[Opening DATA PROVIDED section]

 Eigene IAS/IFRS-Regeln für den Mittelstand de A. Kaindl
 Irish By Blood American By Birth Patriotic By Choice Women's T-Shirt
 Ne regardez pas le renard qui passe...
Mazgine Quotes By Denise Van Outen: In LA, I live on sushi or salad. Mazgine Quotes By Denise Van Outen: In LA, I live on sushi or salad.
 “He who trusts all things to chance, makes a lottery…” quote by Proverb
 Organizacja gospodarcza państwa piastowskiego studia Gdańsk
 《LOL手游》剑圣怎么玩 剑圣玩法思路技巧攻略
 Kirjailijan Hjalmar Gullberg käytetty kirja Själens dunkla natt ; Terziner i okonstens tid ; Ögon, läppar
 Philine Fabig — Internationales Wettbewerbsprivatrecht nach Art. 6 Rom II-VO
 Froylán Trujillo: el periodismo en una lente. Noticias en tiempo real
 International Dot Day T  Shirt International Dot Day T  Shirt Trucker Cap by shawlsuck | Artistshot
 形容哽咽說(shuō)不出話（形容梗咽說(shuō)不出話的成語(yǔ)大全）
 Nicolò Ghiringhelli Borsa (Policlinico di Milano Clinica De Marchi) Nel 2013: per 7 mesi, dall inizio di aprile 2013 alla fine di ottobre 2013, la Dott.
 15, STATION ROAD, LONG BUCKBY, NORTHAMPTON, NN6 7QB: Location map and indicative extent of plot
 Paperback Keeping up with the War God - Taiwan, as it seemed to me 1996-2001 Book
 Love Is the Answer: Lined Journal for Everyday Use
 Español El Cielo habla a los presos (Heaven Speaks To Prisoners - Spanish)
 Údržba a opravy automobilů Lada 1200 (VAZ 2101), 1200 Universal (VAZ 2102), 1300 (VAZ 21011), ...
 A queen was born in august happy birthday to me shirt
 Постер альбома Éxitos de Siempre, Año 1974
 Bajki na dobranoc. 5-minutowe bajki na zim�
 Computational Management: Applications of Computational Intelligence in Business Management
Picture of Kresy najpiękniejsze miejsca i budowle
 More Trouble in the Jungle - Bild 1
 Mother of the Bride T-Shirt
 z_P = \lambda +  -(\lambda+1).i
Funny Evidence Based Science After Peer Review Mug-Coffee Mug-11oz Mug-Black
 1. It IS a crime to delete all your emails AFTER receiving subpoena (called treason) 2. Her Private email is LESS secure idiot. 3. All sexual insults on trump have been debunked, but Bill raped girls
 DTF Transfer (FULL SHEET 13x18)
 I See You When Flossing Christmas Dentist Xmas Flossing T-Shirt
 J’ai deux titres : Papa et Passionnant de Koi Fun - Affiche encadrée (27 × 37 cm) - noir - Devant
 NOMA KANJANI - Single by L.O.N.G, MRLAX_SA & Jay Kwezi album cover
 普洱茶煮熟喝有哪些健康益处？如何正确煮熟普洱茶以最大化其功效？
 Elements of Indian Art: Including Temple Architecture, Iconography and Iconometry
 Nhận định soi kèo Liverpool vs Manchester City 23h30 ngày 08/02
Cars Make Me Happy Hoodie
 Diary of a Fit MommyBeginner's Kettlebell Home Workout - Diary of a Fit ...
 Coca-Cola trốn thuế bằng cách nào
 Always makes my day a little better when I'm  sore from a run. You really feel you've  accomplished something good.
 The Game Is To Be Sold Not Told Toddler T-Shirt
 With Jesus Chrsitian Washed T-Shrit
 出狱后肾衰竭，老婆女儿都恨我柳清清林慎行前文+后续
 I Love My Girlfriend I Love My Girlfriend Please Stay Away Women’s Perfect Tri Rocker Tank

[Closing DATA PROVIDED section]

▶ GOAL OF THE EXERCISE: For each line above that has the word "makes", add one to a tally, and report the final tally alone.

▶ TASK OUTPUT: 2